SECURITY AND LIEN. If the freight and any further charges or expenses
incurred by the Carrier that are due, have not been paid or – in case the
freight is payable by a party other than the receiver, including freight to be
prepaid – if advice of payment has not yet been received the Carrier – is at
liberty before the discharge of the cargo is commenced to demand a deposit or
other sufficient security for the freight, charges and expenses; if no
sufficient deposit or other security is given, the Carrier is a liberty to store
the cargo at the expense and at the risk of the Merchant. The Carrier shall have
a lien upon goods or documents, which shall survive delivery, for any claims or
amounts due under this contract and costs of recovering same, and shall be
entitled to sell the goods privately or by auction to cover such claims or
amounts.
If on sale of
the goods the proceeds fail to cover the amount due and costs and expense
incurred, the Carrier shall be entitled to recover the difference from the
Merchant.
26.
GENERAL AVERAGE. General Average shall be adjusted in or at any port or
place at Carrier’s option according to York Antwerp Rules 1974 as amended 1990.
The Carrier has the right to refuse or prevent delivery of the goods until the
Receivers shall sign average bond and declare in writing for each parcel
separately the value of the goods.
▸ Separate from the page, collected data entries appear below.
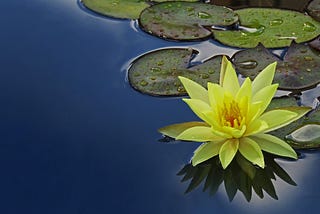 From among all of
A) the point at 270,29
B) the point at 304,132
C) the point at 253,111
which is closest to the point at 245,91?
the point at 253,111

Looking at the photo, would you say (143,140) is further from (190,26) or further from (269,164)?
(190,26)

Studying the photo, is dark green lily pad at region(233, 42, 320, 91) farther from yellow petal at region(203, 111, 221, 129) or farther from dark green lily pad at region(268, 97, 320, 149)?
yellow petal at region(203, 111, 221, 129)

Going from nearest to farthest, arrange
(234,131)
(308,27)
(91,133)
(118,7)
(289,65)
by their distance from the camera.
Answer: (234,131) < (91,133) < (289,65) < (308,27) < (118,7)

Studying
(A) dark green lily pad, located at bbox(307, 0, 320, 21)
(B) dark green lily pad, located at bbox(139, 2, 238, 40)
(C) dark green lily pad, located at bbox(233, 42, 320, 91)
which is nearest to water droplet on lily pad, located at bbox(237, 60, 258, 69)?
(C) dark green lily pad, located at bbox(233, 42, 320, 91)

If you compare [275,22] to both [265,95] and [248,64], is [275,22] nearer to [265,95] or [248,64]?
[248,64]

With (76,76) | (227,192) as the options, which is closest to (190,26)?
(76,76)

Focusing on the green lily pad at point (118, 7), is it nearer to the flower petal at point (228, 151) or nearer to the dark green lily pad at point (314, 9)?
the dark green lily pad at point (314, 9)

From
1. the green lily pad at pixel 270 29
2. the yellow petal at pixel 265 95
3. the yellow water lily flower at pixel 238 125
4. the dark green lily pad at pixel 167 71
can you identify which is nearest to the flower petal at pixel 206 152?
the yellow water lily flower at pixel 238 125
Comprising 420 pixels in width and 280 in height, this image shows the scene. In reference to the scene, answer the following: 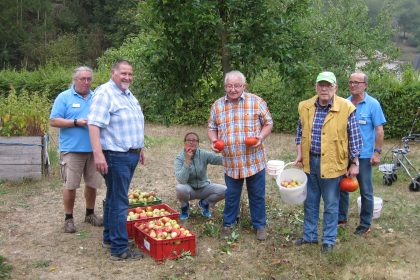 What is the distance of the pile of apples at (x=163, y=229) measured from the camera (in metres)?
4.79

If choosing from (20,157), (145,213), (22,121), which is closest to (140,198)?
(145,213)

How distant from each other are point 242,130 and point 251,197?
74cm

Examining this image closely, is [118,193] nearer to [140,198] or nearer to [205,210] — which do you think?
[140,198]

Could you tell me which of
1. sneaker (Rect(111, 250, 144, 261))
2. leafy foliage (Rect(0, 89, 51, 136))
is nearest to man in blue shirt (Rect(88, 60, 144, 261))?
sneaker (Rect(111, 250, 144, 261))

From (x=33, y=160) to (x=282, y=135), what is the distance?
869 centimetres

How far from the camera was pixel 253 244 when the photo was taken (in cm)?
520

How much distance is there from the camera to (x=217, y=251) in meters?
5.04

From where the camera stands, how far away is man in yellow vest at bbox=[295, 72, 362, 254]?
4676 mm

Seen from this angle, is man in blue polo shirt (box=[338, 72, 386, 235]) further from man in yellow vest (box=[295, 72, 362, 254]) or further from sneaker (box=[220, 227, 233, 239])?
sneaker (box=[220, 227, 233, 239])

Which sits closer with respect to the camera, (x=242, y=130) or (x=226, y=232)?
(x=242, y=130)

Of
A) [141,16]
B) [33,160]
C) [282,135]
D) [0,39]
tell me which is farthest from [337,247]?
[0,39]

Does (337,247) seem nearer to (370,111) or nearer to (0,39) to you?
(370,111)

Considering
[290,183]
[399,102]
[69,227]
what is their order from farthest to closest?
[399,102], [69,227], [290,183]

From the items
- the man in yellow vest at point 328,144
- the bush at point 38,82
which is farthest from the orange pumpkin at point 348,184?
the bush at point 38,82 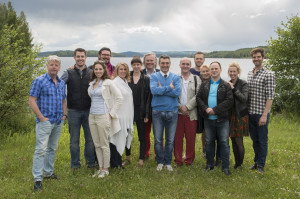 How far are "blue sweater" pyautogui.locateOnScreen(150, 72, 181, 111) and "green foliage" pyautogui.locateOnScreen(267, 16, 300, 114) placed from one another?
34.4 feet

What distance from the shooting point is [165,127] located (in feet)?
21.4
The receivers shall if required, furnish to
the Carrier such security or such deposit as the Carrier or his Agent, without
prejudice, may deem sufficient to cover the estimated contribution in
calculating general average contribution, freight to be added to the value of
the goods. The same to be applied to cover estimated contribution of the goods
in any salvage and/or special charges.
27. NEW
JASON CLAUSE, WAR RISK CLAUSES 1 AND 2, BOTH TO BLAME COLLISION CLAUSE are
deemed to be incorporated in this Bill of Lading. Both to blame collision clause
to remain in effect even if unenforceable in the courts of the United States of
America.
28.
SALVAGE. In case of salvage the measures and arrangements of the Carrier or
the Master shall be collectively binding the Merchant.